HEC-DSS, USACE Hydrologic Engineering Center Data Storage System, is a type of database system to store data primarily for hydrologic and hydraulic modeling (*.dss file). HEC-DSSVue is a tool to view, edit, and visualize a HEC-DSS file. Unlike other commercial or open source databases, HEC-DSS is not a relational database: HEC-DSS uses blocks (records) to store data within a HEC-DSS file and each HEC-DSS file can have numerous blocks (records), for example, 1. time series data of river flow rate from 27 December 2005, 12:00 to 29 December 2005, 08:30 is a record (Figure 1), or 2. a paired data to define a river’s storage-flow relationship is also a record (Figure 2).

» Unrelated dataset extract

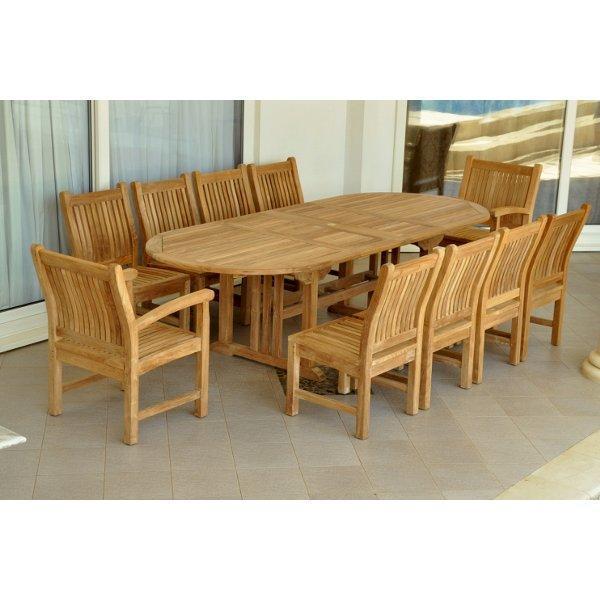 Anderson Teak Sahara Dining Side Chair 11-Pieces Oval Dining Set Dining Set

Gridded data can also be stored in a HEC-DSS file which is covered by another post.

Figure 1
Figure 2

A record in HEC-DSS (download the sample dss file here) is identified or indexed by a “pathname” and a list of all the pathnames in a HEC-DSS is a catalog (Figure 3). A pathname consists of six parts which are separated by a slash “/”. A typical pathname looks like: /A/B/C/D/E/F/ and some parts can be null: ///C/D/E//.

Figure 3

Pathnames for different types of data have different naming conventions.

  • Time Series Data (regular only, irregular time series is not covered by this post): Four types of time series data primarily for H&H modeling purpose in HEC-DSS are summarized in Table 1.
Table 1

The six parts of a time series data pathname are explained below:

  1. Part A of time series – group: can be a watershed name, project name, a river or basin name, or null;
  2. Part B of time series – location: basic location identifier, such as a USGS gage ID, a junction ID, an outlet name, or null;
  3. Part C of time series – data parameter: such as FLOW, ELEV, PRECIP-INC, STAGE, STORAGE, normally can not be null;
  4. Part D of time series – identifier for a time series start date, for example, 01JAN2005, normally can not be null;
  5. Part E of time series – identifier for time interval, for example, 15MIN, normally can not be null;
  6. Part F of time series – descriptor: any additional information can be typed in, can be null.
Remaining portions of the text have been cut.